Rutledge has barely recovered enough from his own war when Chief Super Markham tells him that there's also been a nasty murder in Shopeshire, and Ian must see what he "can make of it." A parish sexton digging a grave in the late afternoon has discovered a woman's body. Even in his shock, the sexton realized that she was dead and had surely been murdered. Rutledge travels to the village of Tern Bridge, instructing Constable Leigh to question everyone who might have traveled out of the village, either to local markets or farther afield.

The trail takes Ian to Bath and into the orbit of Inspector Graves. Ian hopes that he can tie the body to a woman who went missing three days ago. Stymied, he turns to loyal Sergeant Gibson. There's a woman in London Ian needs to find; she's not a suspect, but she might be the victim. What if it wasn't romance that brought the woman to Avebury, but fear or anger? Why, then, would she let herself be lured to this isolated place where she would be vulnerable? Perhaps it was jealousy and she had threatened to make a scene.

Similar to the previous Rutledge mysteries, the procedural elements in A Divided Loyalty are engrossing, but the narrative is also meticulous, moving slowly from place to person, from person to place. With this case, too, Ian must deal with his own problems at home and at work.

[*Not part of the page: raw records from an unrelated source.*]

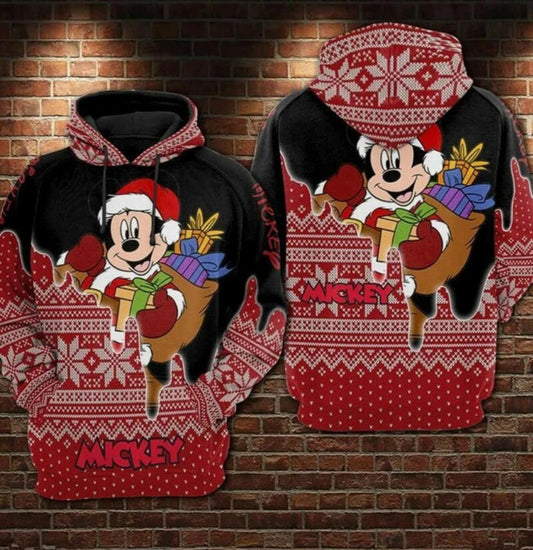 Mickey Mouse Merry Christmas Movies Disney Over Print 3d Hoodie Moonbestprint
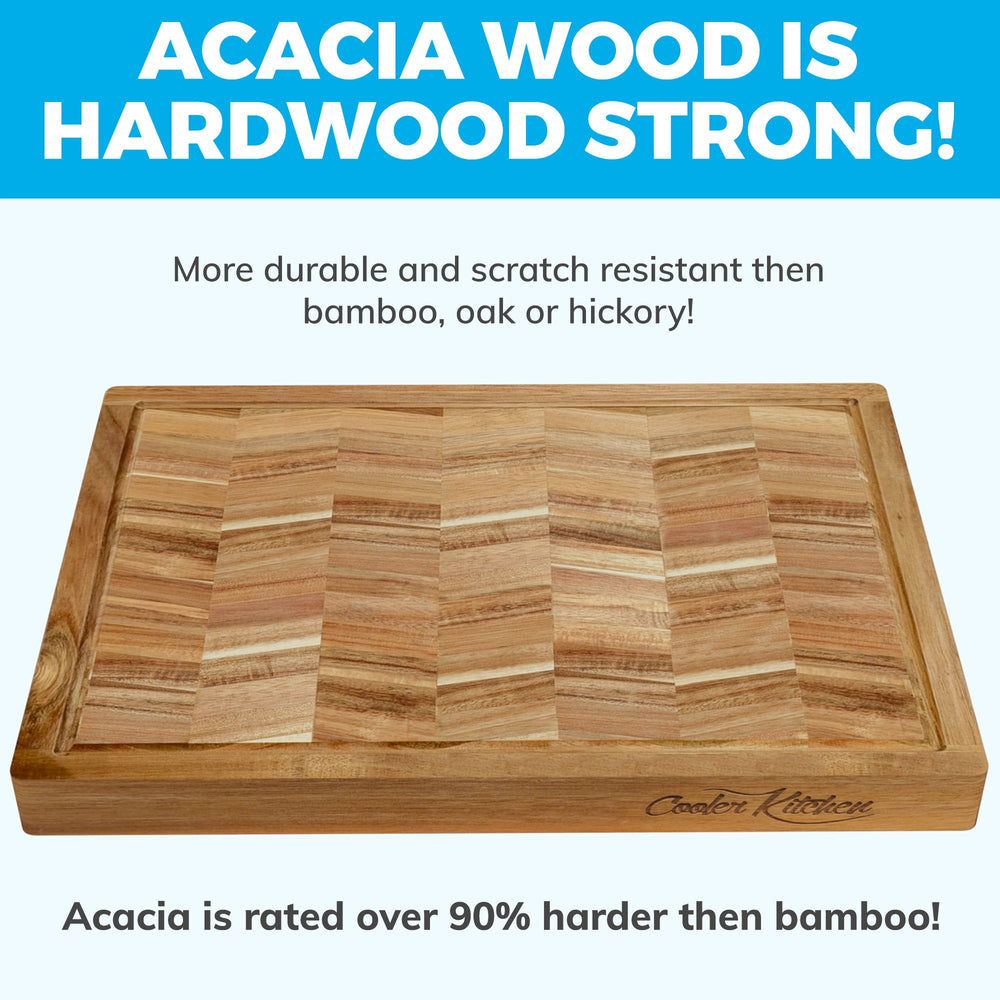 Extra Large Acacia Wood Cutting Board 1-Inch Thick- Large Wooden Cutting Board for Kitchen w/Juice Grooves and Handles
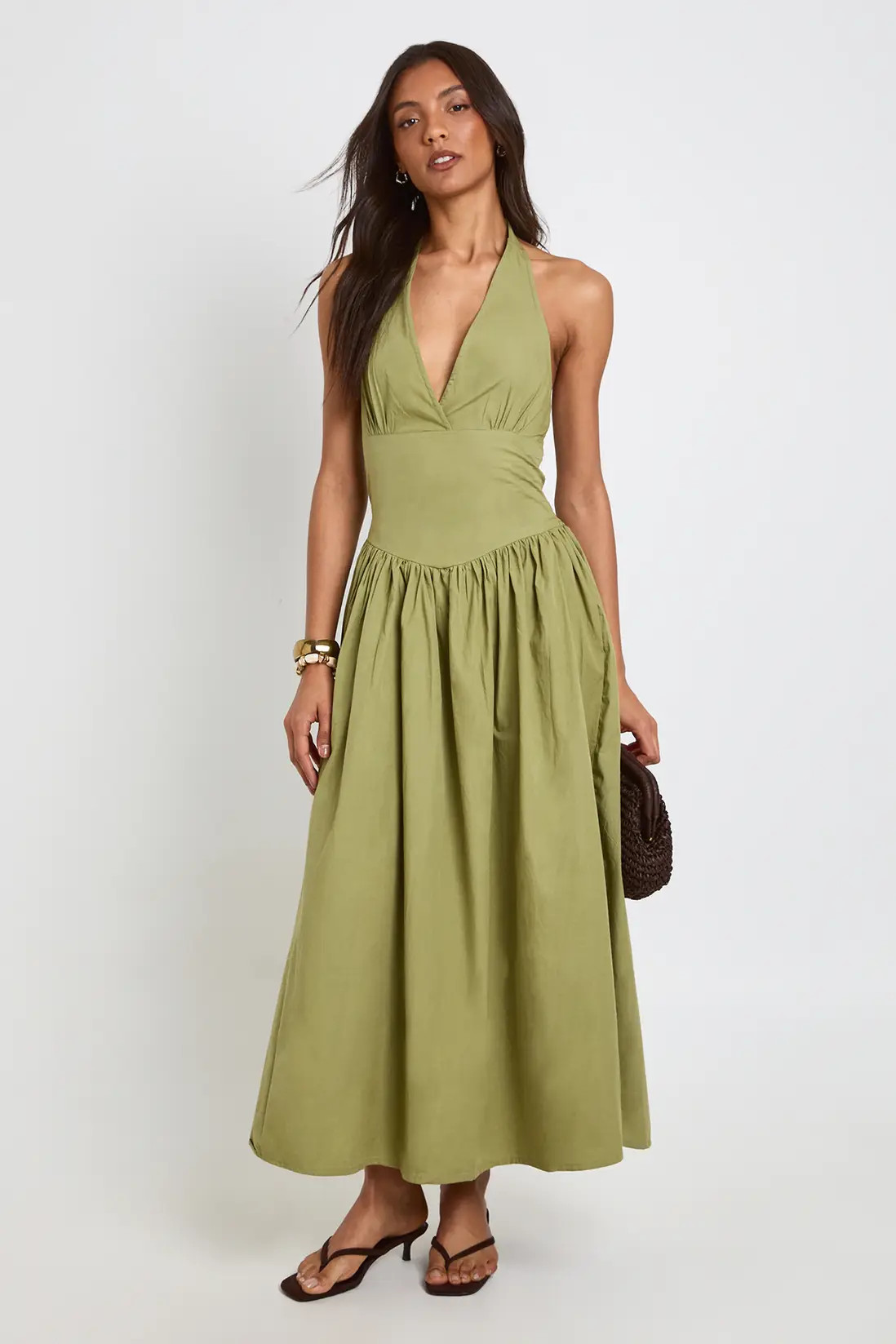 Light Khaki Tall Cotton Poplin Halter Neck Pleated Midi Dress | Boohoo USA | boohoo (US & Canada)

The most likely explanation for the churchyard murder was that she was killed elsewhere and the killer left her as far from the scene as possible--where most likely she wouldn't be easily identified. With no weapon and no clues, there's nothing to put a name to her slaughterer.

As usual, Ian is helped in the case by the ghost of Hamish MacLeod. Ian remembers the many dead he's sent into battle. He's been tormented by memories of the darkness and stench, as well as Hamish's voice that refused to fade with the Armistice. The voice in Ian's head has been present since the summer of 1916 and the battle of the Somme.

Ten miles beyond London, the fog shreds and vanishes. Rain follows until Rutledge crosses into Wiltshire. There's hardly any lights from the village houses; the stones themselves come across as ominous, undefined shapes. Ian can see why Mrs. Parrish, the local villager, feared them. Everything centers on the hooded stone. To Ian it seems surreal in the gray light, a great figure whose veiled, shrouded head is bowed as if in sorrow. Its arms look as though they're about the reach out and offer shelter. The mystery culminates on Silbury Hill, where lies beyond the Long Barrow. Like the line of stones, the Barrow guards its chamber, "a stark cluster misshapen and sinister in the light."

In a tale where death and destruction have crept into Rutledge's life, details are important, and so is silence: silence between the mountains, silence between the villagers and the silence that allows the mystery to grow. From Leslie's secrets to the war that changed Ian, Todd's tale explores the burdens of memory and a man forever haunted by a love affair that had no future.